Why does every Data Scientist need a Data Engineer?

In this post I want to share my translation of one curious articles on Medium on the topic “who’s who in IT, and how a business can get the most out of each specialist.”

The translation was prepared with the support of the analytical course community DataLearn and telegram channel Data Engineering

In the photo: Eunice Lituanas.
In the photo: Eunice Lituanas.

Estimated reading time: 3 minutes 32 seconds.

Data Scientist has been called “the sexiest profession of the 21st century.”The Harvard Business Reviewexplains this by the fact that such a “hybrid of a hacker, analyst, negotiator and valuable advisor” – a very rare combination of skills, and highly paid.

Is it too good to be true? According toForbes, Yes. It turns out that most of the time (up to 79%) data scientists are doing jobs they hate.

Data Scientist Demand

Thousands of companies hiring data scientists from various fields as secret weapons for their business, imitating To the quanta of Wall Street 80-90s, who had unique abilities to understand and interpret data.
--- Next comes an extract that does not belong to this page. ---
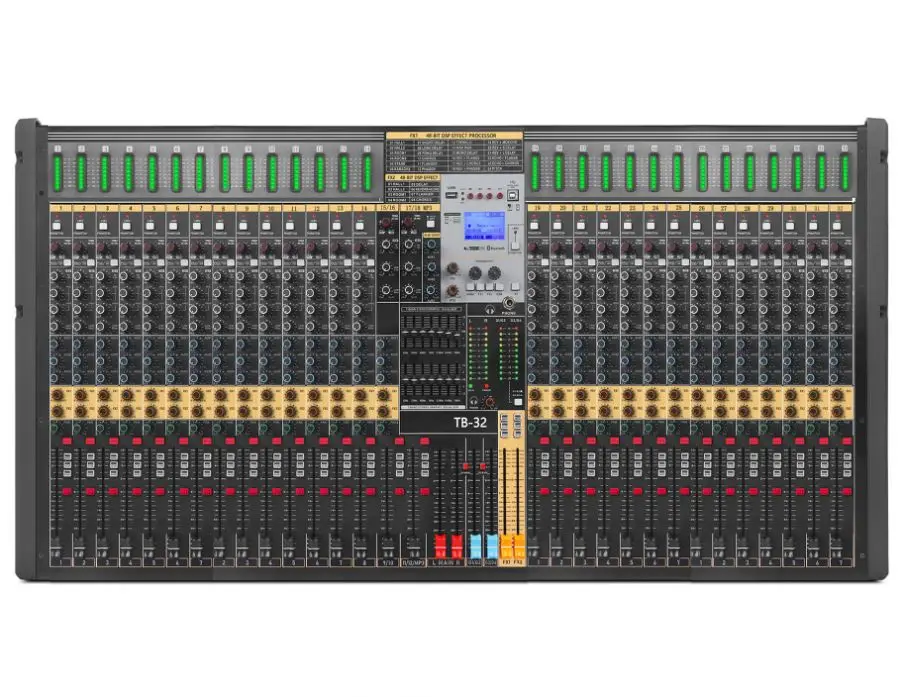GPUB TB-32 New Arrival 24 DSP human effects and 8 DSP instrument effects Audio Mixer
Just like in the video The big short

Considering that there are about 11 thousand data scientists on the market, and the demand for them is growing sharply, the competition among employers for these specialists is very fierce.

United States Bureau of Labor Statistics believes that in 2018 demand will exceed supply by 50-60%. And according to forecastsMcKinsey, in 2018, the US alone will lack 1.5 million analysts and managers who know how to work with data and make decisions based on it.

Companies that don’t hire data scientists now simply won’t be able to find them.

Translator’s note:

article of 2017, therefore, specific forecast figures are not particularly relevant, but, according to more recent estimates, the overall trend does not change – in the next few years, the demand for DS will continue to grow, but there will be a shortage of qualified personnel.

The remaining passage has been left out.